É imperioso que, à feição de seus vexilários humildes, nos arregimentemos para a obra da luz e do amor, abraçando não apenas os nossos compromissos no culto tradicional.

É indispensável a movimentação de nossos valores para que a sua influência divina se estenda a todos os que nos cercam.


A lavoura do coração e do cérebro reclama esforço ingente. Caridade por disciplina. Educação por dever. Virtude e conhecimento. Benemerência e instrução.

Sem dúvida, achamo-nos muito longe do amor que brilha na auréola dos santos e do fulgor intelectual que ornamenta a fronte dos sábios.

Contudo é preciso começar a sublimação como quem começa a existência.

Diz-nos o Senhor na bênção da Escritura: — “Misericórdia quero e não sacrifício” (Os 6:6).

E o Espírito da Verdade, na Codificação de Kardec, afirma convincente: — “Espíritas, amai-vos, eis o primeiro ensino. Instrui-vos, eis o segundo” ().

Urge, assim, que a nossa beneficência não se expresse tão-só na doação daquele supérfluo de que nos desvencilhamos com enfado, e que a nossa cultura doutrinária não se limite a mera repetição de fórmulas verbalistas.

Erguer orfanatos, sim, com vistas à infância que o abandono injuria, mas chamar ao calor da própria alma a criança infeliz do lar subnutrido que viceja, mirrado, ao pé de nosso jardim doméstico.

Edificar, indiscutivelmente, sanatórios e retiros para a saúde e refazimento do enfermo que padece na via pública, no entanto não desprezar o doente que, em sua pobreza oculta, sofre em silêncio a prova que regenera.

Materializar, decididamente, institutos e escolas que formem, com valor, na extinção da treva, todavia ofertar a lâmpada do alfabeto ou o socorro de um livro nobre ao companheiro que viaja na sombra da ignorância ou do desespero.

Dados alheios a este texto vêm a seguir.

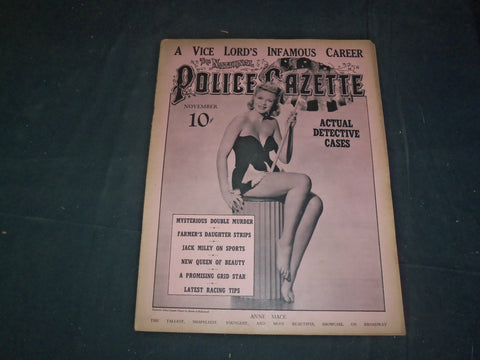 1941 NOVEMBER THE NATIONAL POLICE GAZETTE MAGAZINE - ANNE MACE - B 5889
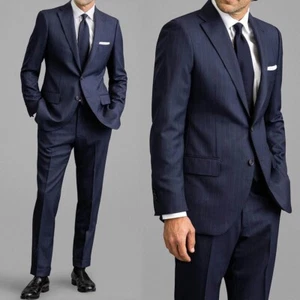 Pinstripe Men Suits Single Breasted Regular Fit Formal Wedding Groom Wear Strips - Picture 1 of 14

Todos somos calcetas à frente da justiça divina. Todos, porém, detemos valiosos recursos para ajudar no apostolado da libertação uns dos outros.

O auxílio que ninguém pede é a chave milagrosa do auxílio de que todos necessitamos.

Multipliquemos os nossos potenciais de trabalho renovador, retirando-nos de nós mesmos ao encontro do irmão que passa.

Embora sejamos almas detidas nas grades da Lei, para justas reparações, ainda assim é possível fazer muito.

Jesus, o Senhor, veio da magnificência divina, buscando, com discrição e bondade, as chagas de nossa imensa miséria para leni-las com bálsamo salutar.

Reconfortou-nos e instruiu-nos, tolerou-nos e curou-nos, sem condenar a incompreensão com que lhe preparamos a cruz.

De posse, hoje, dos tesouros eternos do Espiritismo, saibamos, desse modo, esposar como nosso dever puro e simples o culto da assistência fraterna e o serviço da educação.




Reformador — Janeiro de 1958.


Nota de Reformador: “Essa frase, em Mateus 9:13-12.7, na tradução para o Esperanto, em vez de “Misericórdia” diz “Beneficência”, isto é, “Mi deziras bonfaradon, sed ne oferon”.


Segundo consta do original, a mensagem foi recebida em 17/11/1957. Não há referência de local.